KLIPPING ALBUM PERJUANGAN
KISAH – KISAH PERJUANGAN AREK
SUROBOYO (1)
KLIPING RADAR SURABAYA, Jum’at 17 Agustus 2001
Hari Ini, 56
Tahun yang lalu (1)
Surabaya Masih Lengang,
Setelah Itu Rebutan Karabinj
Hari ini, 56 tahun yang lalu, saat
pekik merdeka susul menyusul mengiringi pembacaan naskah proklamasi oleh
Dwitunggal Soekarno-Hatta, Surabaya ternyata masih senyap. Yang ada hanya satu
dua letusan bedil, namun pekik di Jakarta itu memompa keberanian Arek-Arek
Suroboyo yang akhirnya melucuti tentara Jepang. Inilah pengalaman salah satu
saksi hidup peristiwa bersejarah itu Amak Altuwy (74) yang mantan anggota
Pemuda Republik Indonesia (PRI) Surabaya.
KALAU
sekarang arek Suroboyo dikenal dengan
boneknya, ternyata bibitnya sudah muncul sejak dulu.
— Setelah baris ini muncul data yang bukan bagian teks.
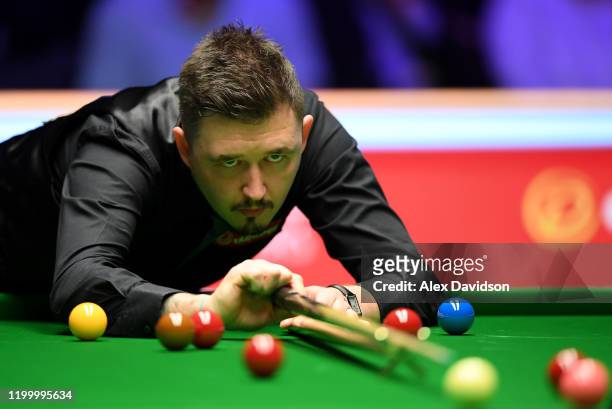 Kyren Wilson in action during the 1st round match between Jack Lisowski and Kyren Wilson on Day Four of the Dafabet Masters at Alexandra Palace on...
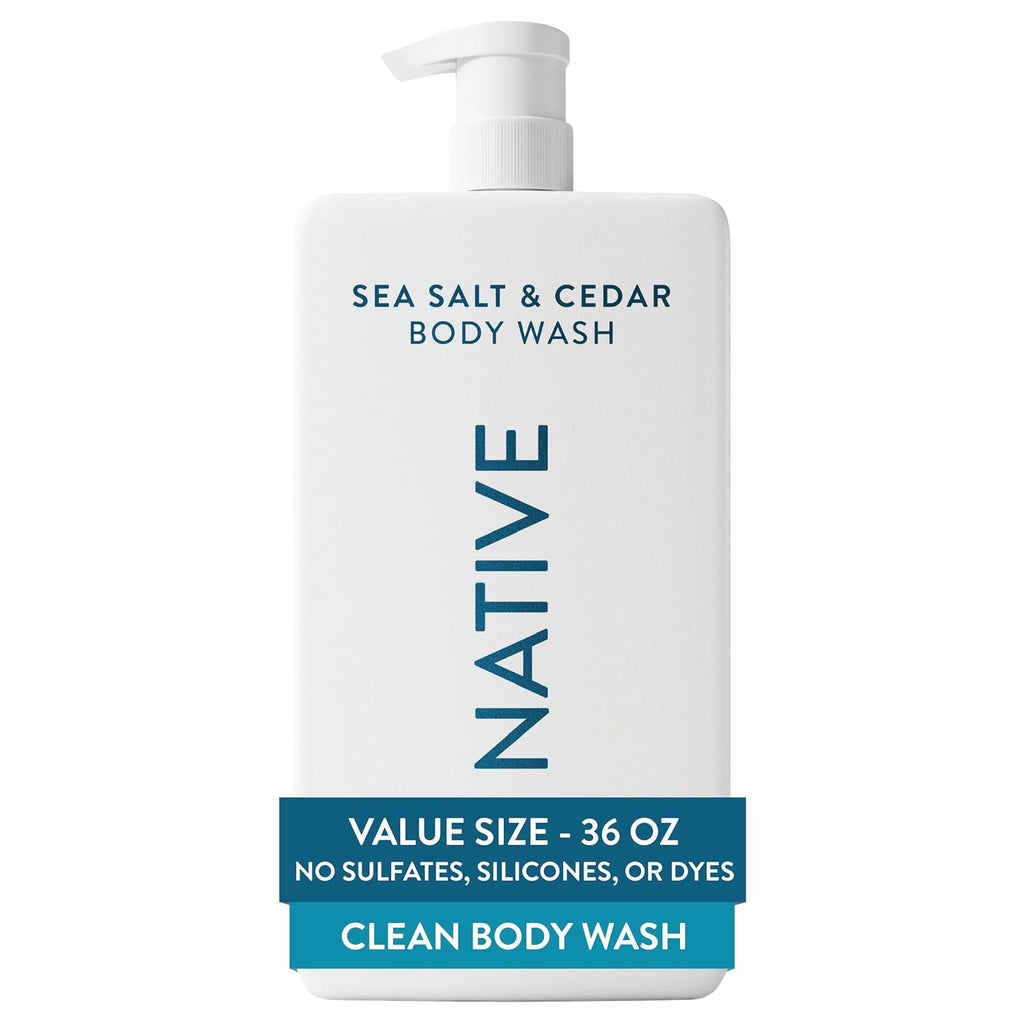 Native Clean Body Wash, Gentle & pH-balanced for Sensitive Skin, 24-Hr Freshness for Women & Men, Vegan & Cruelty-Free, Free of Sulfates, Parabens & Phthalates, Sea Salt & Cedar, 36 oz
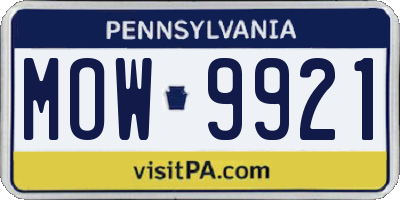 PA license plate MOW9921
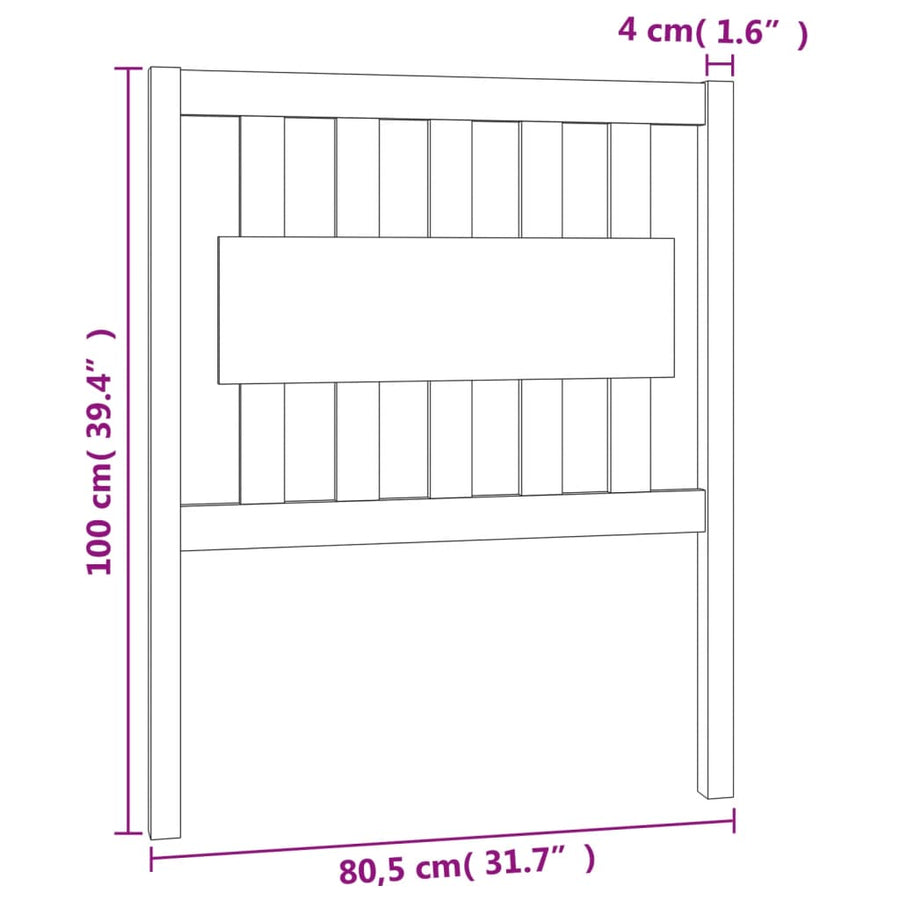 Hoofdbord 80,5X4X100 Cm Massief Grenenhout Grijs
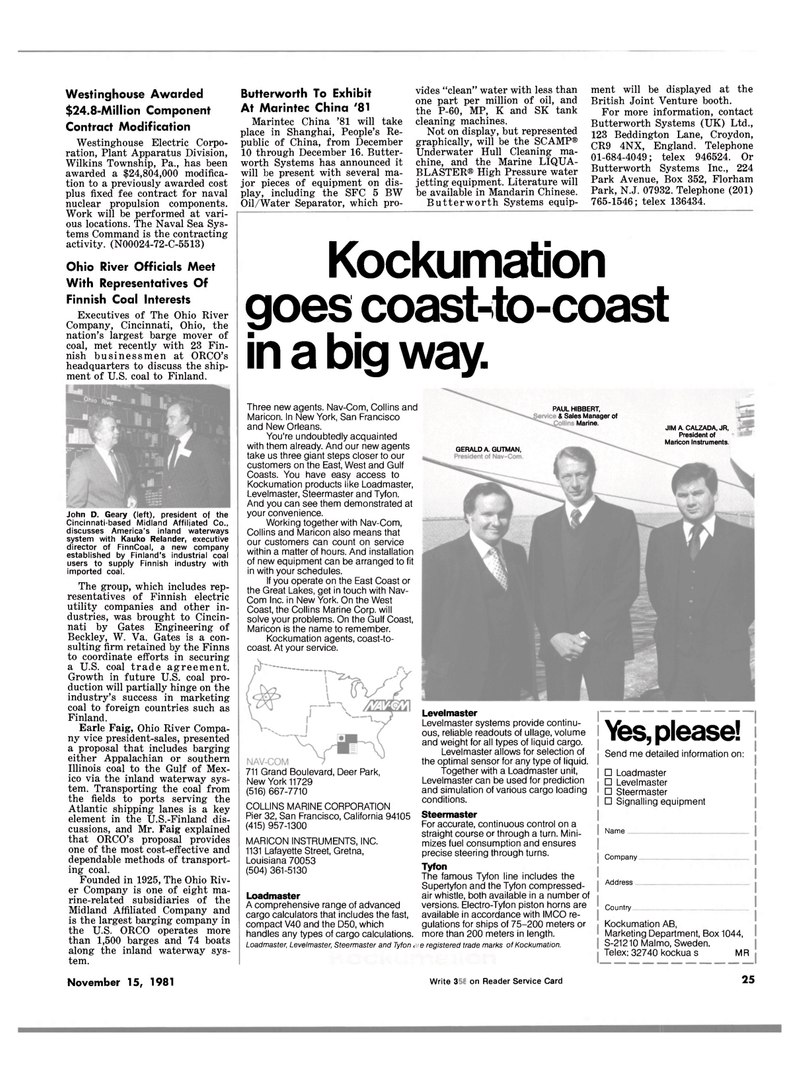 Maritime Reporter Magazine, page 21,  Nov 15, 1981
Seperti penuturan Amak
pada RADAR, sejak mengetahui Indonesia Merdeka, maka arek-arek Suroboyo langsung bangkit semangatnya untuk melawan
penjajah negaranya.
“Memang
pada sehari menjelang proklamasi sampai pada beberapa minggu sesudahnya,
suasana Surabaya masih tenang-tenang saja. Maklum saja, waktu itu belum banyak
yang tahu soal proklamasi di Jakarta. Namun, kira-kira sebulan berikutnya
ketika arek-arek sudah tahu semua, kami langsung bergerak melucuti senjata
Jepang,” ujar Amak.
Menurut
Amak yang asli kelahiran Ampel Kejeron Surabaya, 29 November 1927 itu, sebelum
mengetahui adanya proklamasi, rakyat Surabaya baru berani keluar rumah
menjelang senja. “Mereka keluar rumah tapi masih takut-takut, karena Jepang
masih berkuasa meski sudah agak kacau karena tahu mereka kalah perang dengan
Sekutu. Rakyat tidak berani omong politik,” katanya.
Suasana
berubah sekitar sebulan kemudian atau pada September 1945 ketika banyak rakyat
dan pemimpin Surabaya tahu kalau Indonesia sudah merdeka. Arek-arek banyak yang
membentuk organisasi perjuangan. Seperti Pemuda Republik Indonesia (PRI),
Angkatan Pemuda Indonesia (API), dan beberapa organisasi lainnya. Amak sendiri
bergabung dengan PRI Utara yang
bermarkas di RS Al-Irsyad yang waktu itu adalah rumah tokoh Surabaya Ahmad
Baswedan.
Amak
masih berumur 18 tahun drop out-an HAS (Holland Arabisch School) kelas 7
kemudian ikut teman-temannya mencari senjata ke tangsi Jepang seperti di
Tegalsari, Tambaksari, Darmo, Dinoyo dan Wonokromo. “Waktu itu terus terang
saya juga ingin tampil seperti
teman-teman lain, jalan-jalan di kampung pakai sepatu lars dan memanggul
senjata. Makanya, saya ikut saja diajak ke tangsi Jepang,” katanya.
Lalu,
apa senjata arek-arek merebut senjata Jepang dari tangsinya itu?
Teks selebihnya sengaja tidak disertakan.